In the same week, it replaced its chief financial officer and named a new president and chief operating officer to boot. The changes saw the company's share price drop by 5.4 per cent as a result.
Motorola put the drop in profits down to its competitors lowering their handset prices faster than Motorola expected - prices Motorola chose not to compete with.
Jackon also believes the Palm buy-out may now prove tricky for Motorola. He said Motorola's vision of an all-encompassing mobile technology company will be difficult and take longer than expected to realise.
Other analysts believe Motorola's struggles were linked to the company's continued flaunting of the Razr phone at a time when competitors were releasing brand new handsets.

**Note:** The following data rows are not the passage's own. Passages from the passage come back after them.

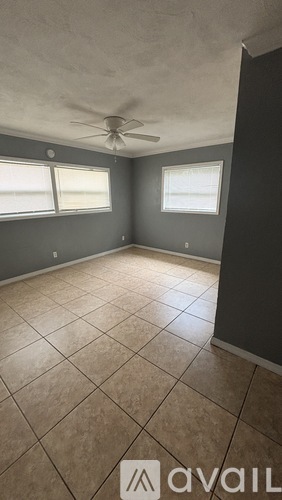 A room with a ceiling fan and tile flooring.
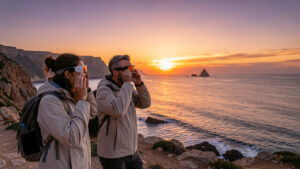 Deux femmes et un homme observent une éclipse solaire avec des lunettes de protection sur une côte espagnole au coucher du soleil.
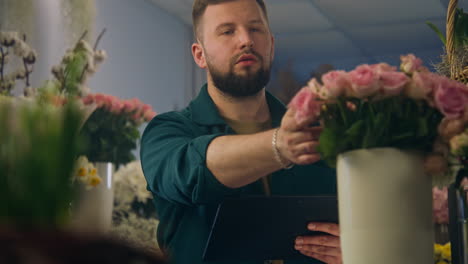 Florista-Masculino-Cuenta-Flores-En-Un-Jarrón-Y-Toma-El-Orden-Usando-Una-Tableta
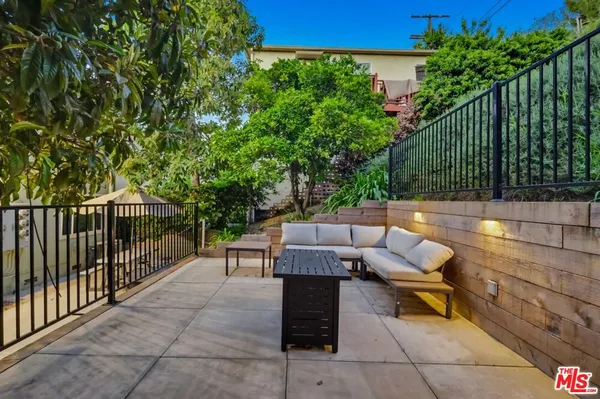 a view of a chairs and tables in the backyard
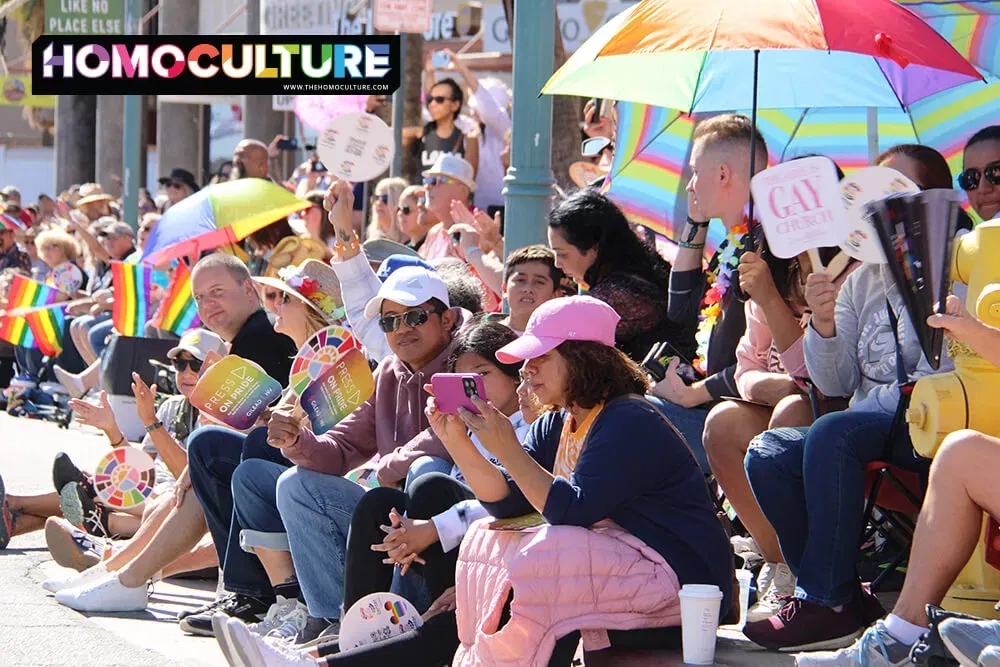 Large crowds watching from the sidewalks at  the 2022 Palm Springs Pride parade. 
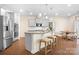 Bright eat-in kitchen features stainless steel appliances, granite countertops, and pendant lighting at 4116 Tory Path Rd, Waxhaw, NC 28173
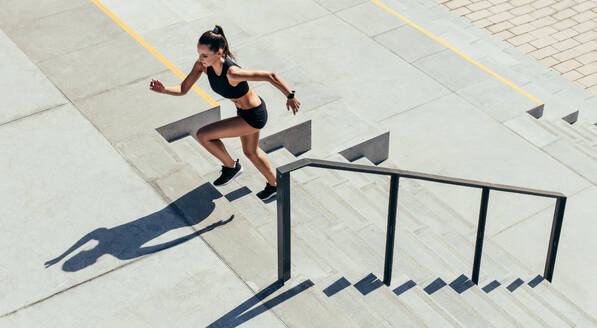 Sportswoman running up the steps as a part of workout routine. Female in sportswear exercising on staircase outdoors. - JLPSF13491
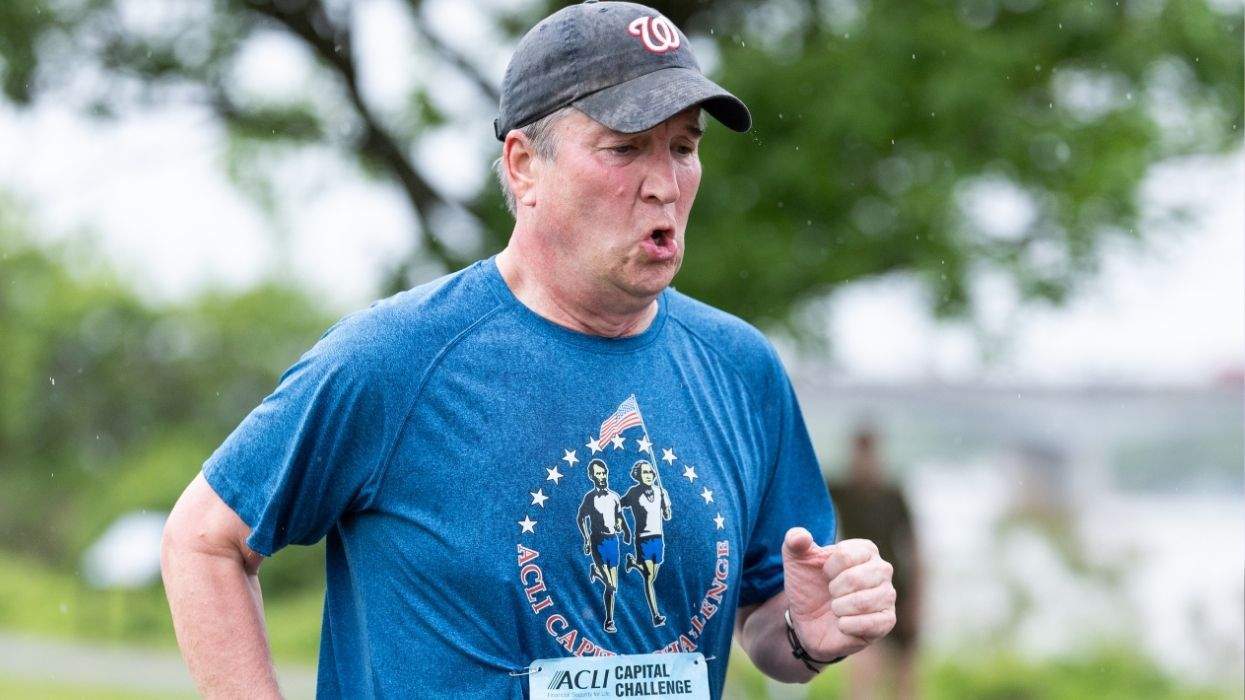 supreme court justice brett kavanaugh running in a race wearing sports clothes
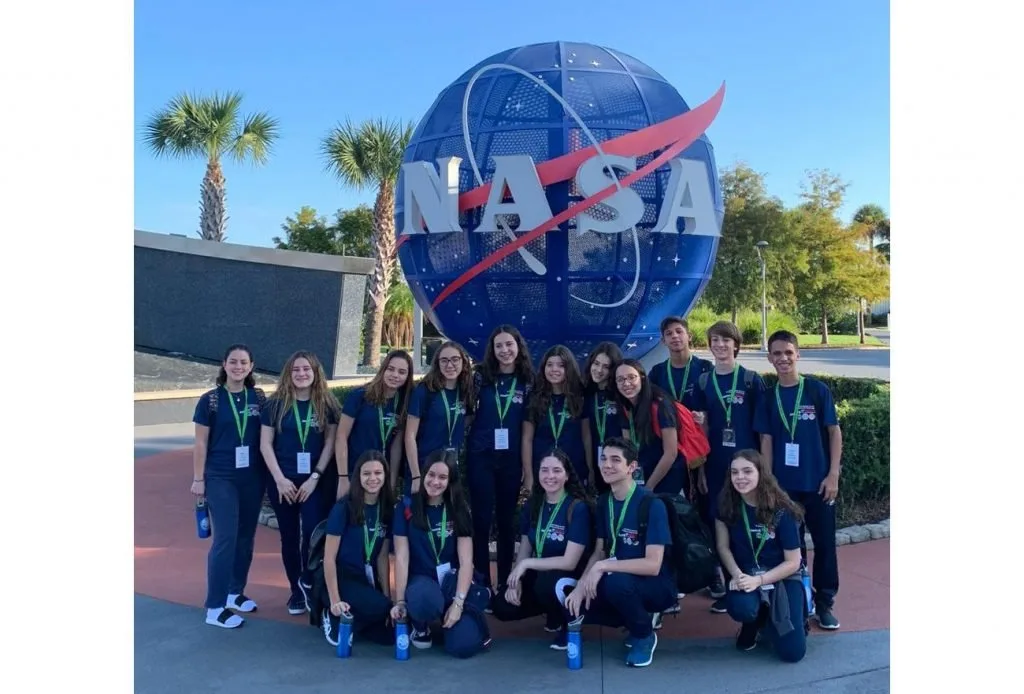 Grupo de estudantes uniformizados posando diante do letreiro e do globo da NASA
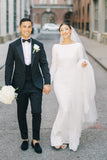 Vintage-Inspired Wedding Gown with Long Sleeves
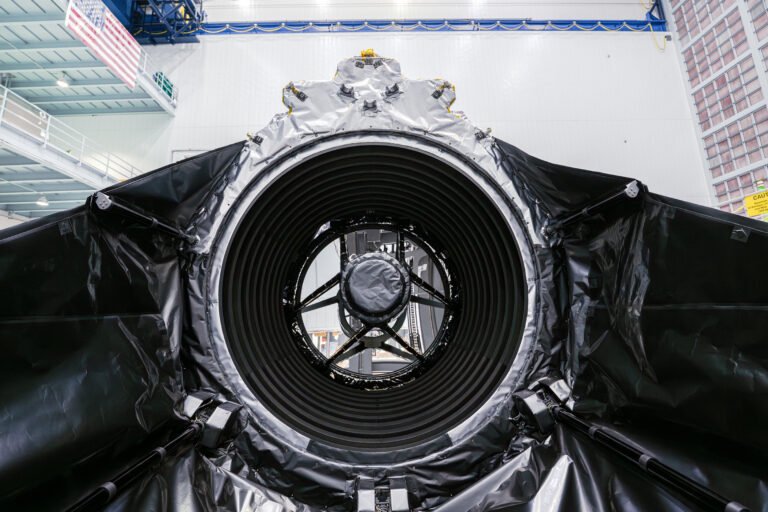 NASA’s Roman Space Telescope Primary Mirror Gets Last Look Wide shot, close-up view of Roman's primary mirror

Motorola has not denied the rumours that say it is interested in buying Palm and, despite today's news, an announcement by Palm is expected later this evening.
Cross your Palm with silver
However, Palm, too, has hit rough waters. Casey Ryan of analyst company Nollenberger Capital Partners in San Francisco told Network World : "While Palm is profitable and has increasing sales it faces tough competition and has stumbled recently.
"It has sold fewer devices than analysts expected in recent quarters, in part because of delays in getting products out."
Though Palm now earns its money from Windows Mobile , Palm OS PDA and smartphone devices, it's struggled to compete with a multitude of handsets at the lower end of the market.
Another reason mentioned for Motorola's interest in Palm is its close tie to Microsoft . Motorola has dabbled with Microsoft's Windows Mobile devices in the past - the MPx220 and the often-delayed MotoQ - so it surely is looking to benefit from Palm's expertise.